An der Haut­verträglich­keit gab es im Test nichts auszusetzen. Die Probanden zeigten keinerlei Auffälligkeiten. Zur Information von Allergikern und Haut­ärzten sind in der Tabelle die Substanz­gruppen aufgeführt, die im Einzel­fall zu Haut­re­aktionen führen können. Manch einer verträgt zum Beispiel die organischen Filter­substanzen nicht. Viele Hersteller setzen auch deshalb verstärkt anorganische Filter wie Titan­dioxid und Zink­oxid ein. Aber auch da steht eine Befürchtung im Raum: Diese Pigmente werden zum Teil in derartig winziger Partikelgröße (Nanop­artikel) einge­setzt, dass die Winzlinge durch die Haut in den Organismus wandern könnten – mit unbe­kannten Folgen. Auf diese Frage gibt es noch immer keine rundum befriedigende Antwort. Laut Bundes­amt für Risiko­be­wertung können Nanop­artikel gesunde Haut nicht durch­dringen. Was bei geschädigter Haut passiert, ist aber nach wie vor unklar. Jedenfalls müssen die Anbieter ab dem nächsten Jahr auf den Verpackungen angeben, wenn sie Nanop­artikel einsetzen.

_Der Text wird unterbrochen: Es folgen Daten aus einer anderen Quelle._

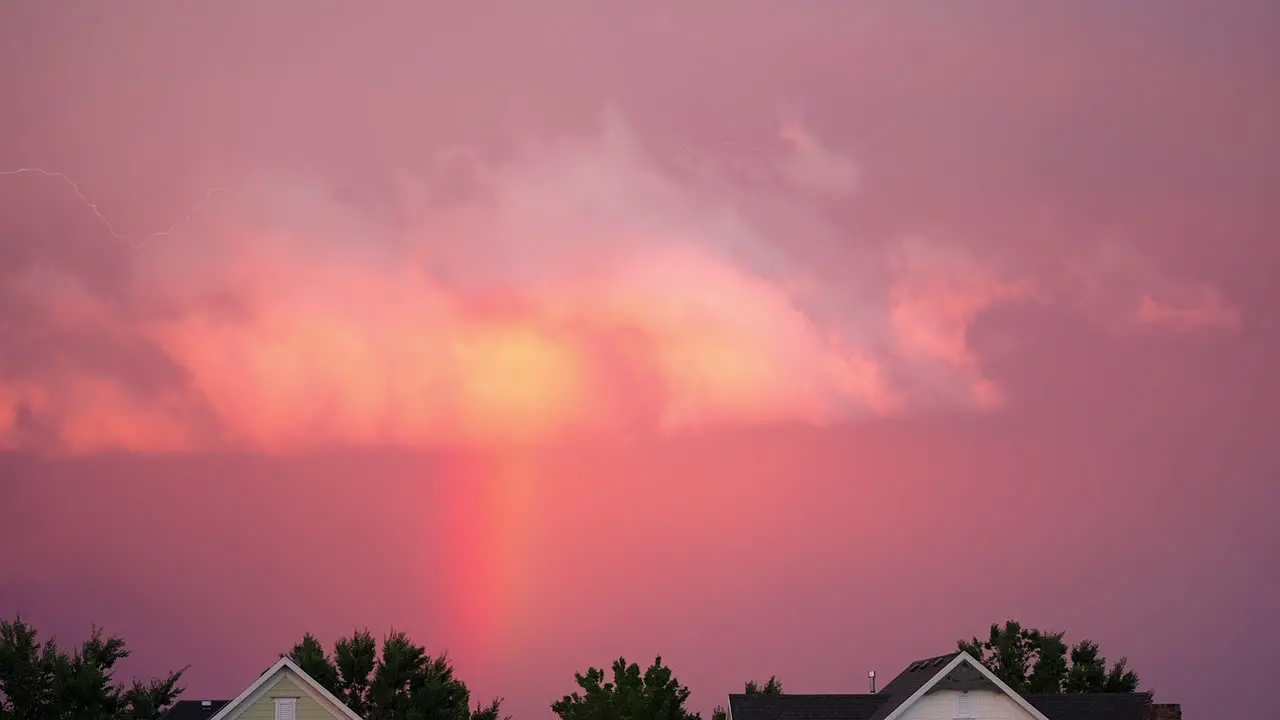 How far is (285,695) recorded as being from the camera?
74.9 m

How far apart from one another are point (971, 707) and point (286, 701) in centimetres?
2766

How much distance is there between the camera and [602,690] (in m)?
102

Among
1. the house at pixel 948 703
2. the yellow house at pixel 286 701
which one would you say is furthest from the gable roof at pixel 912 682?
the yellow house at pixel 286 701

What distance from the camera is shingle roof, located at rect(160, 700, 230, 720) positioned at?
81000mm

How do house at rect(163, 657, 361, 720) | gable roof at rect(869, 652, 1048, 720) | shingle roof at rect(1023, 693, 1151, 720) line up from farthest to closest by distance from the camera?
shingle roof at rect(1023, 693, 1151, 720), house at rect(163, 657, 361, 720), gable roof at rect(869, 652, 1048, 720)

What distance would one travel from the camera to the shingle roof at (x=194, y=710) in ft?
266

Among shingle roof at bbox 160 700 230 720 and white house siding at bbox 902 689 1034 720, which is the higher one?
shingle roof at bbox 160 700 230 720

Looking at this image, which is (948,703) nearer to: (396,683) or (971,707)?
(971,707)

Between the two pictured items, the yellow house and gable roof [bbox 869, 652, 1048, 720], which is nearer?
gable roof [bbox 869, 652, 1048, 720]

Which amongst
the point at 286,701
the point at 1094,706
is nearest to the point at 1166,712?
the point at 1094,706

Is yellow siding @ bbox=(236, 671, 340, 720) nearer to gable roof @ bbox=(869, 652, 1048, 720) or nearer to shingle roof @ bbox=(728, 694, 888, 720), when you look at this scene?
shingle roof @ bbox=(728, 694, 888, 720)

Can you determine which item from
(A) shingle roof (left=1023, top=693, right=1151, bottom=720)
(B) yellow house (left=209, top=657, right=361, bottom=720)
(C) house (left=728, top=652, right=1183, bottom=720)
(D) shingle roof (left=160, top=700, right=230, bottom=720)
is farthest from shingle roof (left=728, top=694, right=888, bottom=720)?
(D) shingle roof (left=160, top=700, right=230, bottom=720)

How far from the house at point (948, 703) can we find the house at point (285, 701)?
1664 cm

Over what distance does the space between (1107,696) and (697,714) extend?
29147mm
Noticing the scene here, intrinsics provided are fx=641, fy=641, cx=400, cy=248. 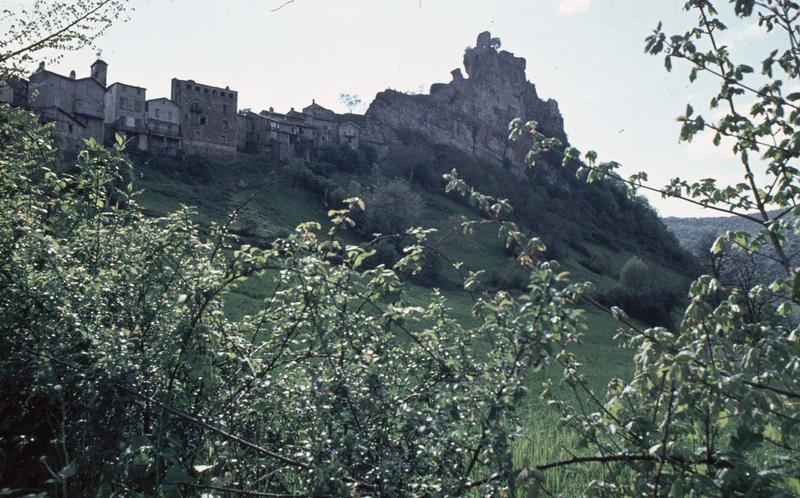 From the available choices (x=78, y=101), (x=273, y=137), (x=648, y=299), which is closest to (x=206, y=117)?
(x=273, y=137)

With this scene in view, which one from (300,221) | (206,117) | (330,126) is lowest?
(300,221)

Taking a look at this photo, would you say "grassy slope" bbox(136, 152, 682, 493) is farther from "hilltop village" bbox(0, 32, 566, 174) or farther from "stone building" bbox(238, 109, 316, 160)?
"hilltop village" bbox(0, 32, 566, 174)

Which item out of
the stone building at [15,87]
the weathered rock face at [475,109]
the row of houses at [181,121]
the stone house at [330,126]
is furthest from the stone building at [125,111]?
the stone building at [15,87]

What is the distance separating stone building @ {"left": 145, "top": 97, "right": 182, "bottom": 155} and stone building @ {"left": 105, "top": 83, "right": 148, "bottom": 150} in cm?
93

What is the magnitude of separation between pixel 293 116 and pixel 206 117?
15.6 m

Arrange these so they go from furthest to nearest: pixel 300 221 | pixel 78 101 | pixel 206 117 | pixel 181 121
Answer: pixel 206 117
pixel 181 121
pixel 78 101
pixel 300 221

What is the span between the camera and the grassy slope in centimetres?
2439

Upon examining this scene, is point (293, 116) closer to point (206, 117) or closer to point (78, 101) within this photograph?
point (206, 117)

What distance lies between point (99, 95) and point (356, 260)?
7349 centimetres

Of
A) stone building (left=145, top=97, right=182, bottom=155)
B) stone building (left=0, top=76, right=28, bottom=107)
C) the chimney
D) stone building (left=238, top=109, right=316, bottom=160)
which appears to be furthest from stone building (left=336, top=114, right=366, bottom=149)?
stone building (left=0, top=76, right=28, bottom=107)

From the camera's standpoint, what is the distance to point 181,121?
248 feet

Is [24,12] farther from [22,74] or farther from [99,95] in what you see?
[99,95]

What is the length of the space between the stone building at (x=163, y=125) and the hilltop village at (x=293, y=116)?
0.36 ft

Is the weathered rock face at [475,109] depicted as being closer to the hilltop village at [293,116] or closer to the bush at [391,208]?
the hilltop village at [293,116] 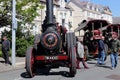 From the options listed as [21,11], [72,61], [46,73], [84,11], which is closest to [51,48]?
[72,61]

Sonnen­schutz­mittel gehören zu den wenigen Kosmetika, deren Wirk­samkeit eindeutig bewiesen ist. Ein gutes Mittel üppig aufzutragen bietet einen gewissen Schutz. Allein auf die Sonnenmilch, -creme oder das Sonnenöl verlassen sollten Sie sich jedoch nicht. Schützen Sie sich vor allem durch Textilien und bleiben Sie häufiger mal im Schatten. Dann kommt Ihre Haut sicher durch den Sommer.